The processing platform unit 20 is provided with a moving base 21 and a rotary processing platform 22; the moving base 21 is slidably disposed on the sliding rail portion 11 and can be linearly moved in the first axial direction X1; The platform 22 is pivotally disposed on the movable base 21 to be horizontally rotatable and fixed to a workpiece 70. The rotary processing platform 22 has a linkage rod 221, and the two ends of the linkage rod 221 are Extend horizontally.

The pair of first interlocking block portions 30 are respectively screwed to the pair of screw portions 12, and are linearly movable in the first axial direction X1 as the screw portion 12 rotates.

The pair of second linking block portions 40 are pivotally disposed on the first linking block portion 30 to be horizontally rotatable; and each second linking block portion 40 has a guiding through hole 41, and Both ends of the linkage rod 221 of the rotary processing platform 22 are respectively penetrated through the guide through holes 41 and slidable relative to each other.

The standing base 50 has a vertical seat portion 51, a horizontal track unit 52, a vertical track unit 53 and a processing unit 54; the vertical seat portion 51 is coupled to the horizontal base 10 Fixed and vertical; the horizontal rail unit 52 has a horizontal rail portion 521, a horizontal screw portion 522 and a horizontal driving portion 523 for driving the horizontal screw portion 522 to rotate; the vertical rail unit 53 The utility model has a vertical rail portion 531, a vertical screw portion 532 and a vertical driving portion 533 for driving the vertical screw portion 532 to rotate. The processing unit 54 has a processing sliding seat 541 and a The processing portion 542 and a control portion 543; further, the extending direction of the horizontal rail portion 521 and the horizontal screw portion 522 is defined as a second axial direction Y1, and the vertical rail portion 531 and the extending direction of the vertical screw portion 532 It is defined as a third axial direction Z1.
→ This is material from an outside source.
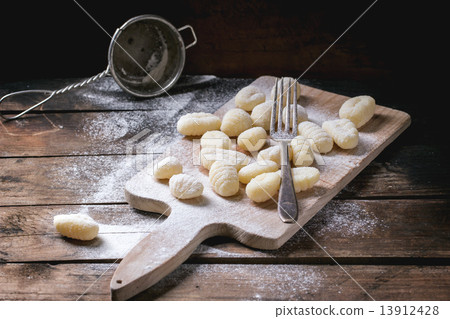 Uncooked potato gnocchi Uncooked potato gnocchi 13912428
The vertical rail unit 53 is slidably disposed on the horizontal rail portion 521 and is screwed to the horizontal screw portion 522 to move linearly in the second axial direction Y1 as the horizontal screw portion 522 rotates.

The processing slide 54 of the machining unit 54 is slidably disposed on the vertical rail portion 531 and is screwed to the vertical screw portion 532 to perform the third axial direction Z1 with the rotation of the vertical screw portion 532. The processing portion 542 and the control portion 543 are disposed on the machining sliding seat 54 for controlling the rotation of the machining portion 542, and the rotation axis thereof is parallel to the second axial direction Y1.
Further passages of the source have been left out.